Mafengwo gained traction among millennials partly due to China having banned Facebook and Instagram. A lack of competition gave the company room to be a place where young Chinese can share travel photos, and that attracted new customers to look at the company's bookable travel offerings.

Mafengwo, a social trip-planning site, has raised a Series D fundraising round of $133 million, and co-founder and CEO Chen Gang said he planned to turn the business into a shopping mall similar to retailer Alibaba, but focused on travel.

Venture capital firms General Atlantic, Ocean Link, Temasek, Yuantai Investment, and Hopu joined as new investors in the company, while existing investors Capital Today, Qiming Venture Partners, and Hillhouse Capital also pitched in.

The company has raised more than $153 million to date. It declined to disclose its Series C round other than to say it had raised “tens of millions of dollars” in 2015.

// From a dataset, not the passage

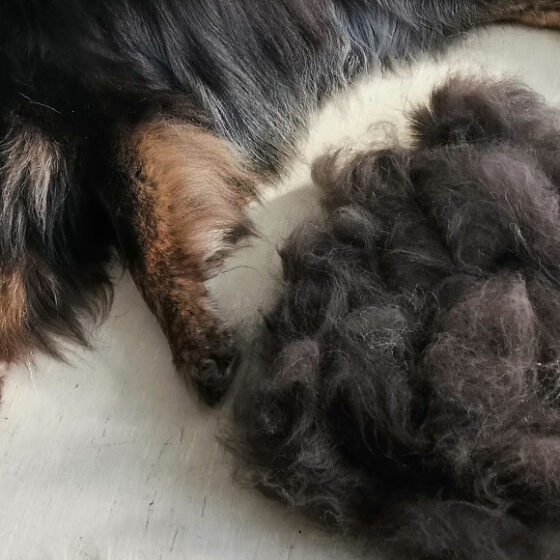 Fellwechsel bei Hunden und Katzen: Die besten Tipps für den Herbst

Mafengwo has drawn the interest of investors to its claim that it has attracted an audience of Chinese millennials who travel independently instead of taking group package tours, as had been commonplace among Chinese for decades.

Mafengwo claims more than 100 million registered users contributing and consuming its content. Its mobile app has nearly 4 million active monthly users, according to online data company Analysys Qianfan.

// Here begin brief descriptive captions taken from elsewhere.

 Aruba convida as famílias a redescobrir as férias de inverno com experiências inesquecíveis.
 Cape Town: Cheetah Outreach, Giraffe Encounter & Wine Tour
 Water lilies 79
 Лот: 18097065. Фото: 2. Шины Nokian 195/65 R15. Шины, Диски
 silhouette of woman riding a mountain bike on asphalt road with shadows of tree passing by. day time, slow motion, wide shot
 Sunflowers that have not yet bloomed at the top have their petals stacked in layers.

The Beijing-based business launched in 2010 as a social travel website, aggregating user-generated content. The company used the content to create travel guides with advice on attractions, hotels, flights, travel routes, maps, dining recommendations, visas, and insurance.

It was not unlike a mix of TripAdvisor, Trip.com (then called Gogobot), and Lonely Planet. It created guides and posted photos and tips shared by users, offering suggested itineraries that were downloadable, and that included items that could be easily booked.

In 2012, the website and mobile app made it easy for users to book the trips they were reading about through affiliate deals with Booking.com, Agoda, Ctrip, and eLong.

In 2016, the company claimed about $600 million, or more than 4 billion yuan, in transactions through its website and app. That reduces the company’s dependency on advertising as a revenue stream. Purchases for travel services, such as tickets to sports events, local tours, and hotel reservations, account for a significant share of the transactions, although as a private company, Mafengwo doesn’t disclose the details.

Today, Mafengwo choreographs sample itineraries thematically presented in a calendar format using lush photography, audio samples of local music, and simple narratives, such as a recent travelers tragically destined never-to-meet story.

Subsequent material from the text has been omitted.